→ **Caption-style text data**
Content starts

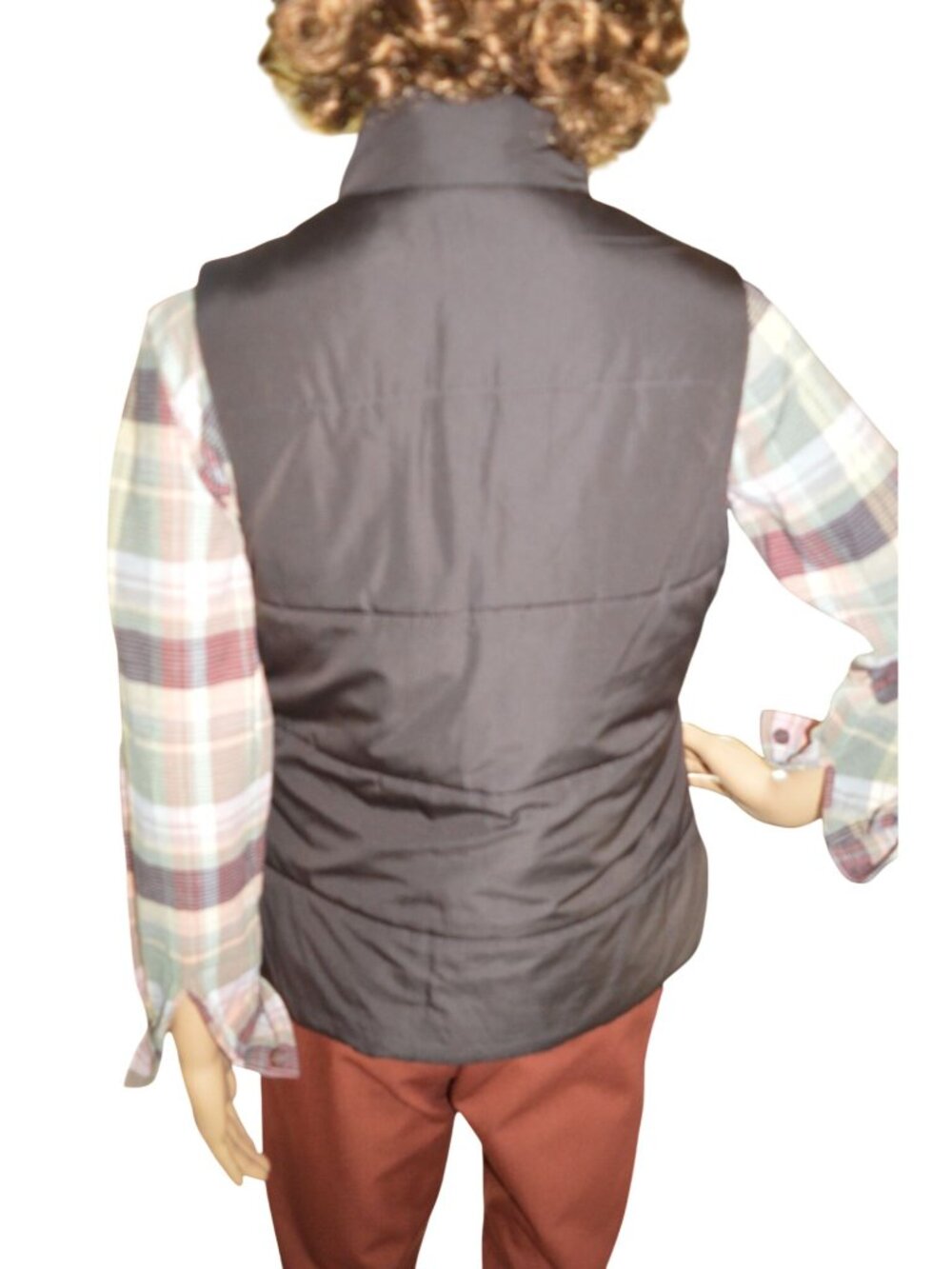 Merona Reversible Puffer Vest Brown Light Pink Women's Size Small Casual Fall - Picture 2 of 9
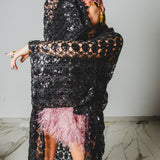 34 Kimono gioiello GUSTAVO sartoriale con rete ricamata e paillettes nera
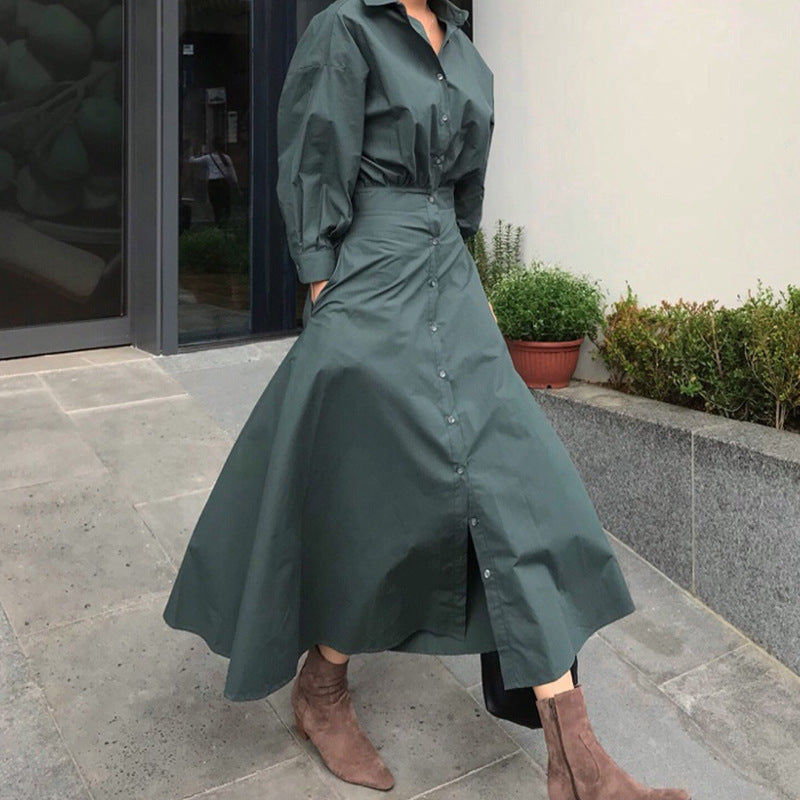 Rochie Cicera verde inchis tip camasa cu talie accentuata prin banda
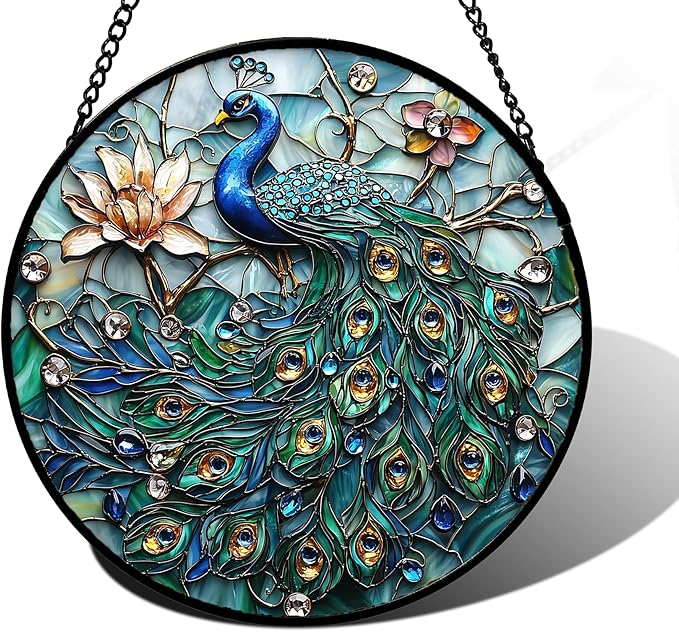 DASTOLL Stained Glass Window Hanging, Blue Peacock Decoration Suncatcher for Door Garden Home Flower Bird Sun Catchers Christmas Mother's Day Birthday Gifts for Women Men Mom Nana Friend 11.8 in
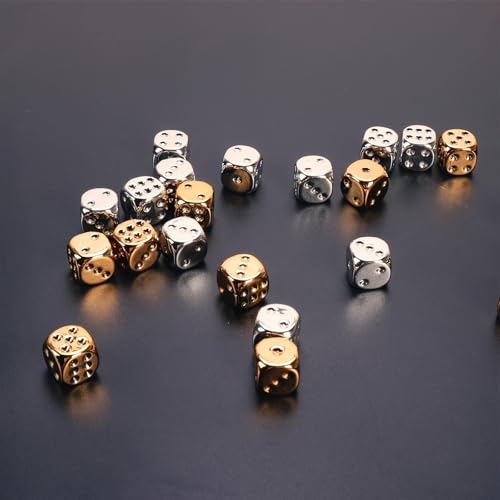 20-Piece 16mm Gold and Silver Plastic Dice Set – Rounded Corners for Tabletop Games, Teaching & Party Fun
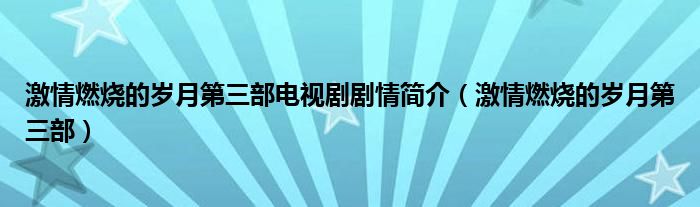 激情燃烧的岁月第三部电视剧剧情简介（激情燃烧的岁月第三部）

Content ends

→ **TASK BRIEF**
Please repeat, exactly and with nothing else, the lines from the one containing "DASTOLL Stained Glass" to the last line of the entries, both included, excluding any pictures.

→ **SOLVED PROBLEM**
 DASTOLL Stained Glass Window Hanging, Blue Peacock Decoration Suncatcher for Door Garden Home Flower Bird Sun Catchers Christmas Mother's Day Birthday Gifts for Women Men Mom Nana Friend 11.8 in
 20-Piece 16mm Gold and Silver Plastic Dice Set – Rounded Corners for Tabletop Games, Teaching & Party Fun
 激情燃烧的岁月第三部电视剧剧情简介（激情燃烧的岁月第三部）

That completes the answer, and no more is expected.